Why does hate thrive online?

In 1996, John Perry Barlow published the Declaration of the Independence of Cyberspace. “I come from Cyberspace, the new home of Mind,” Barlow wrote. “Ours is a world that is both everywhere and nowhere, but it is not where bodies live. We are creating a world that all may enter without privilege or prejudice accorded by race, economic power, military force, or station of birth.” Online, the “legal concepts of property, expression, identity, movement, and context do not apply to us,” he continued. Barlow envisioned an Internet where all users are created equal—male or female, rich or poor, sweetheart or asshole. “In our world, all the sentiments and expressions of humanity, from the debasing to the angelic, are parts of a seamless whole, the global conversation of bits. We cannot separate the air that chokes from the air upon which wings beat.”
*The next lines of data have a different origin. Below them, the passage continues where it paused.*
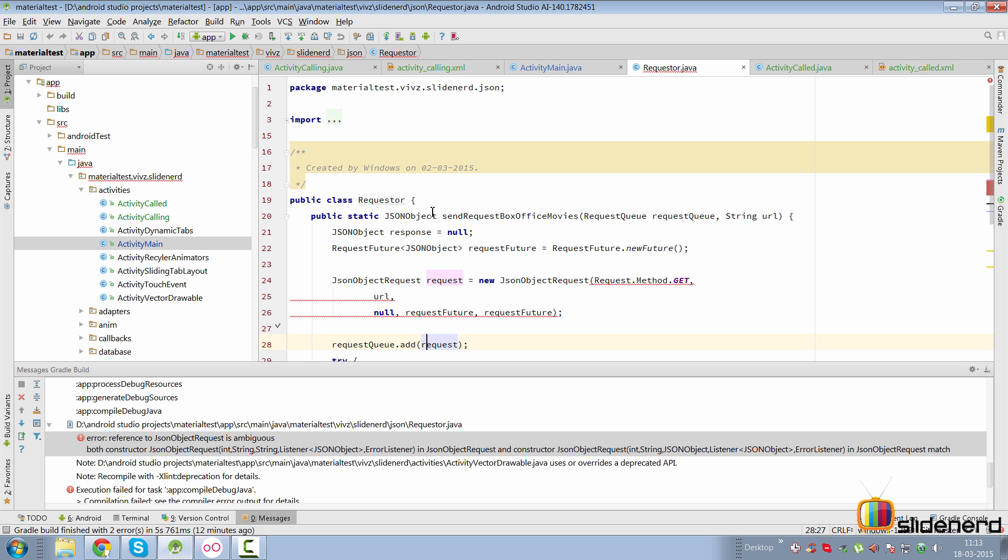Hello subscribers, it's Vivz here from Slidenerd. In this video I'm not going to teach you anything special, but I'm going to teach you the one thing which no one ever taught you, and that is how to fix errors—how to search for them, how to understand what they mean, and then fix them.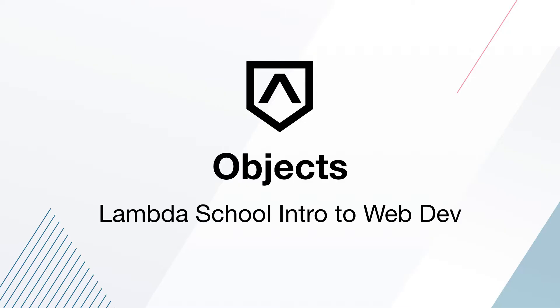Welcome back to Intro to Web Development Lambda School students. In this lesson we are going to be talking about objects. This is going to be a follow-up to our arrays lessons.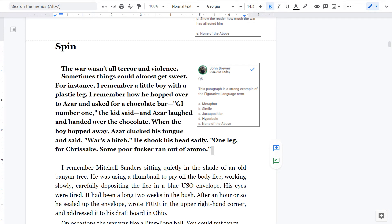All right, this is part two of the second reading. Here we go. Spin.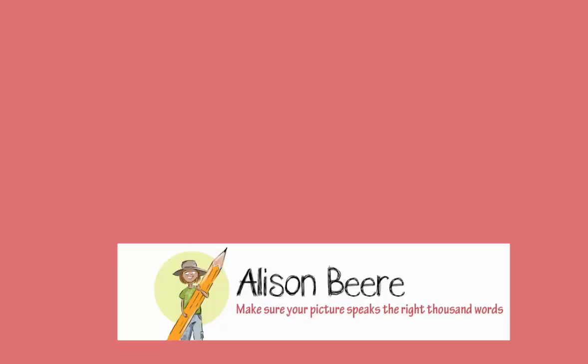Hello and welcome. My name is Alison Beer and this is the beginning of a series where we check out how to start drawing cartoons.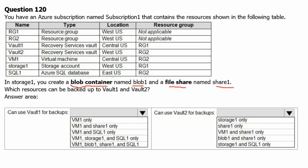Now let's go to the answer area. For Vault 1: Vault 1 is residing in Central US location. Therefore VM1 can be backed up because VM1 is also residing in Central US location. Nothing else is residing in Central US location. So for Vault 1, the answer is VM1.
In real life, Barlow comes from Wyoming. He’s a co-founder of the Electronic Frontier Foundation, a former lyricist for the Grateful Dead, and a white male libertarian. Read one way, Barlow’s declaration gives marginalized communities permission to speak truth to power. Read another, it discourages women and people of color from discussing their bodies and identities online while emboldening others to bully them into silence. Upon publication, Barlow’s declaration “spread like kudzu through the electrical wires of the virtual world,” Businessweek reported. Within months, it had been republished across the Web 5,000 times. Nearly two decades later, Kate Miltner, who studies online structural inequality at the University of Southern California, recognized Barlow’s words “echoing through the #GamerGate controversy.” It was almost as if the Web had been calibrated from the very beginning to allow a bigoted harassment campaign to flourish.